RAW DATA
● ● ● ●
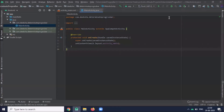Today you will learn how to create a determinate horizontal progress bar in Android. So let's start.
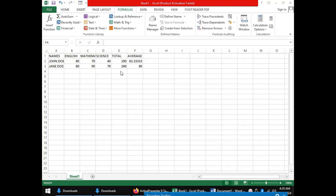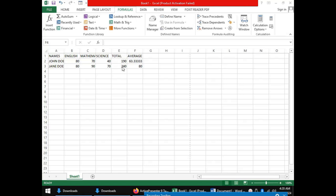The second worksheet data management tool is sorting. It is the arranging of data in a particular order. In Microsoft Excel, data can be arranged using one of the columns in the data. For instance, we can arrange our data according to the names, the English scores, the mathematics scores, science, total, and average. The arrangement must be in an order.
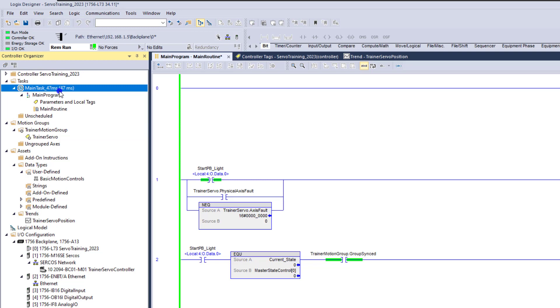And some people just like to use continuous tasks. There's nothing against continuous tasks. But when it comes to certain things and certain protocols, like especially with servos, the timing should always, in my opinion, be in periodic tasks. And just about programming all together, periodic tasks is just going to help you.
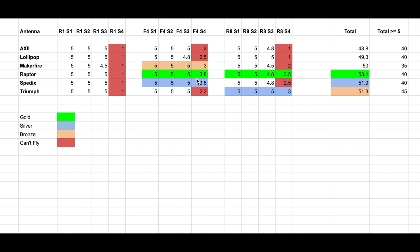Another good antenna based on this test is the Spidex based on the numbers. But the one that based on this number is on the third place is the Triumph. We can see that it's more consistent because it has 3-5 here, 3-5 here, 3-5 here, the only one with 3-5 in all the three channels.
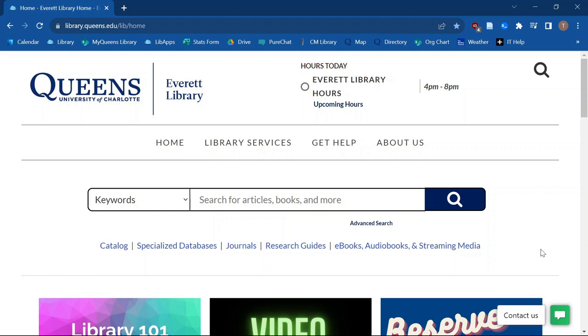Hi everybody, I'm Travis Hijak. I'm one of the librarians here at Queen's. Today I'm going to talk about using PsycInfo, one of our databases that we subscribe to, to do research for psychology.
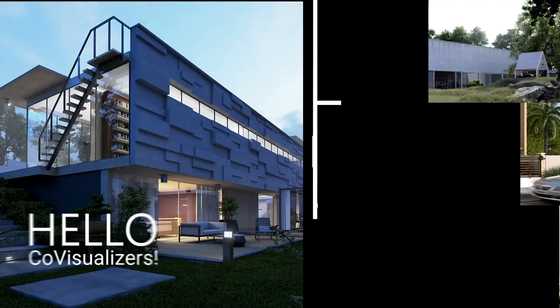Hello Co-Visualizers! How's your rendering going? This is a quick clip for glass materials in 3DS Max, so let's start.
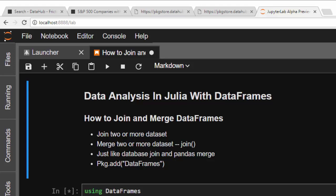Hello everyone, welcome back again. This is Jesse, and in today's tutorial we will learn about how to join or merge datasets or DataFrames in Julia. Julia gives you the option of using one function — that is `join` — to either join or merge your DataFrames, and we'll be learning that as well.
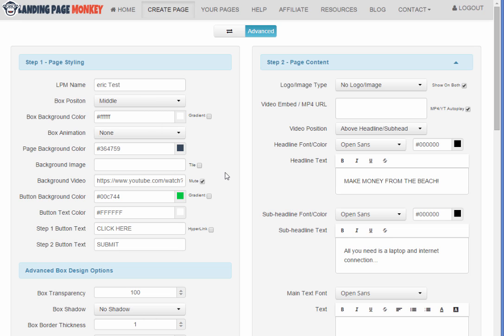And then we're a hundred percent sure that we've got the rights to use that video. But that's just if I were doing like a big launch or something. For just typical everyday use, I don't see any problem with grabbing videos off of YouTube. I mean, YouTube videos are meant to be embedded and watched. So there you go. That's how easy it is to create great looking squeeze pages and landing pages with Landing Page Monkey.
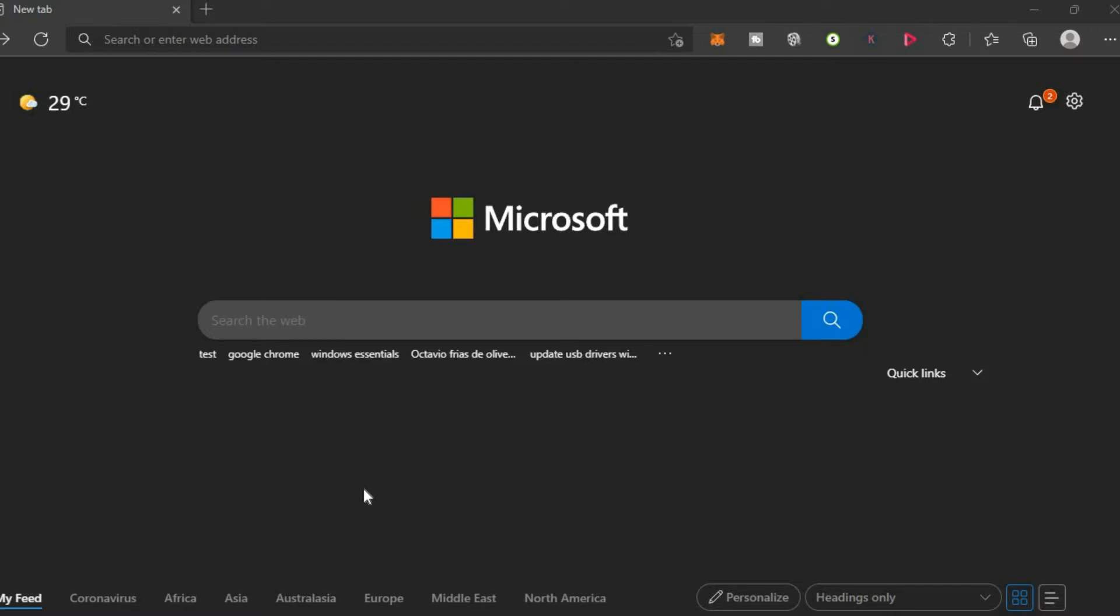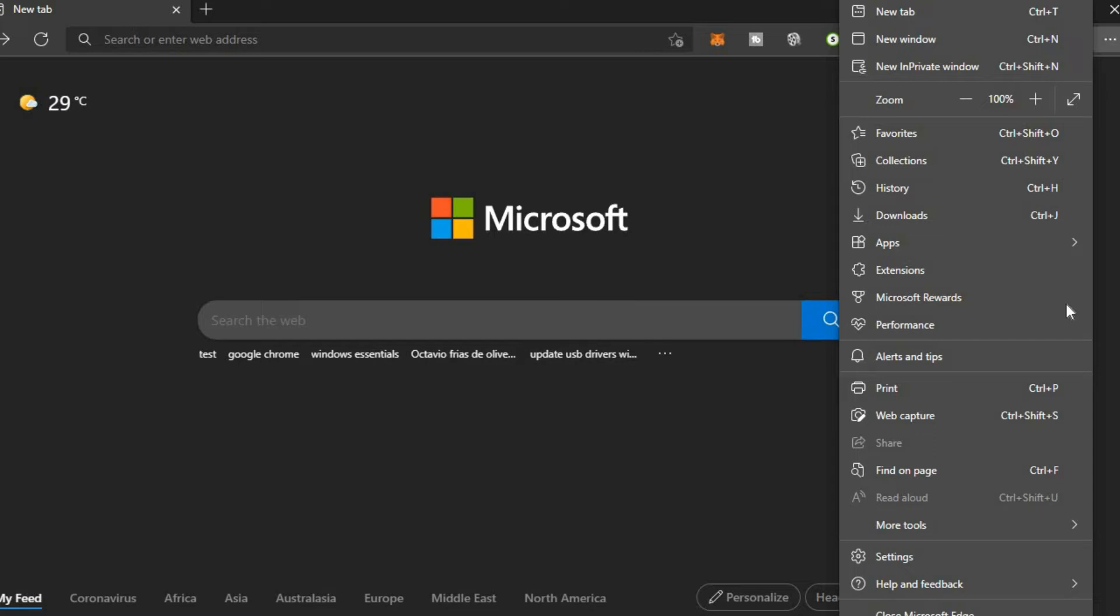First you'll need to go over to the top right hand corner and you're going to tap on the three dots and from here you're going to tap on settings.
● ● ● ●
DIRECTIONS FOR THIS TASK
Everything from the line with "Hello everyone, welcome" through the last line of the listing should be retyped exactly, with both end lines kept and the pictures left out.

SOLVED EXERCISE
Hello everyone, welcome back again. This is Jesse, and in today's tutorial we will learn about how to join or merge datasets or DataFrames in Julia. Julia gives you the option of using one function — that is `join` — to either join or merge your DataFrames, and we'll be learning that as well.
And then we're a hundred percent sure that we've got the rights to use that video. But that's just if I were doing like a big launch or something. For just typical everyday use, I don't see any problem with grabbing videos off of YouTube. I mean, YouTube videos are meant to be embedded and watched. So there you go. That's how easy it is to create great looking squeeze pages and landing pages with Landing Page Monkey.
First you'll need to go over to the top right hand corner and you're going to tap on the three dots and from here you're going to tap on settings.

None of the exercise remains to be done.